How to Identify and Mitigate Risk in A/B Testing

Why do we need experiments?

Experiments play an important role to test theories and provide the basis for scientific knowledge. Similarly, experiments are an important tool for product and marketing analytics. Product experts and growth marketers are looking for ways to increase conversions and engagement, reduce churn, and so on. An essential tool with the experimentation framework are A/B tests.

What are A/B tests?

A/B tests are extremely powerful and useful tools to test content. A/B testing is a method of comparing two versions of a web page or app to determine which one performs better. You can extend it to multivariate testing, where more than two variants can be compared.

How does one design a good A/B test?

A/B tests involves

Testing different types of content
Selecting the number of users being tested
Time period of testing

In order to conduct a proper A/B, you need to:

Identify the ideal variant size
Maintain a disciplined approach on measurement

Let’s say you are tasked with improving the conversions on your landing page that currently stands at a 2% conversion rate. You have another variation of the landing page in production that you would like to compare to the live one.

Let’s understand some basics of statistics to achieve our goal.

Basic Understanding of few statistical concepts

While comparing both variants, you wouldn’t want a scenario where a variant showed a 20% lift in conversions during the experiment. However, the same variant delivered lower than or no lift compared to the default version in production most of the time. In other words, the outperformance during experiment could be by chance or random.
Here’s how you minimize this risk:

Hypothesis Testing
Hypothesis testing refers to the formal procedures used by statisticians to accept or reject their predicted outcome of the test.
Types of hypotheses:
1. Null Hypothesis – Assumes the observation occurred due to a chance or is random. In case of A/B testing, we stick to the default version by saying that there is no difference in the variants.
2. Alternative Hypothesis – When sample observations are influenced by some non-random cause or are a result of real-effect. Here, we would say there indeed is a difference.
Level of Significance
We cannot avoid risk or significance. We can only minimize it.
Level of significance refers to the degree we accept or reject the null hypothesis. For example, if you assume there is no underlying difference between the two samples/variants, how often will you see a difference by chance? That percentage chance is the significance level.
Types of Risk
There are two types of risk to consider :
1. False Positive Risk
  Popularly known as Type I risk in statistics and False Positive risk in engineering, this is the act of falsely rejecting the null hypothesis when it is true.
  In case of A/B testing, you concluded that the challenger variant was better than the default version. In reality, there was no difference.
2. False Negative Risk
  Popularly known as Type II risk in statistics and False Negative risk in engineering, this is the act of failing to reject the Null Hypothesis when it is false.
  In case of A/B testing, you concluded that the challenger version wasn’t better than the default one (lack of evidence to reject the null hypothesis). In reality, the challenger variant was better.

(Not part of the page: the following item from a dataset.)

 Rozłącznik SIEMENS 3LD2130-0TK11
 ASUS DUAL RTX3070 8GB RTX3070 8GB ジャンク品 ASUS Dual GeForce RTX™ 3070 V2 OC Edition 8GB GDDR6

We have some preconceptions about the expected lift, beyond which we will accept the challenger. For a 2% default rate and a lift of 20%, the minimum detectable effect is 0.4%.
What are the chances of observing a 0.4% increase in conversion rates when there is no increase in the conversion rate? If the chance or probability is small enough, say less than 5%, we could say that the observed result is probably due to an actual effect.
It is a common practice to set the Type I risk to 5%. It means that in 5% of the times, we will incorrectly say that there is an effect although it was most likely random chance. 95% of the time, we correctly assume the observed effect was just noise and there isn’t an actual effect.
But what about Type II error?
In our example, say we observed either of the following:

The lift is 15%
The conversion is 2.3%
The difference between the two variants is 0.3%.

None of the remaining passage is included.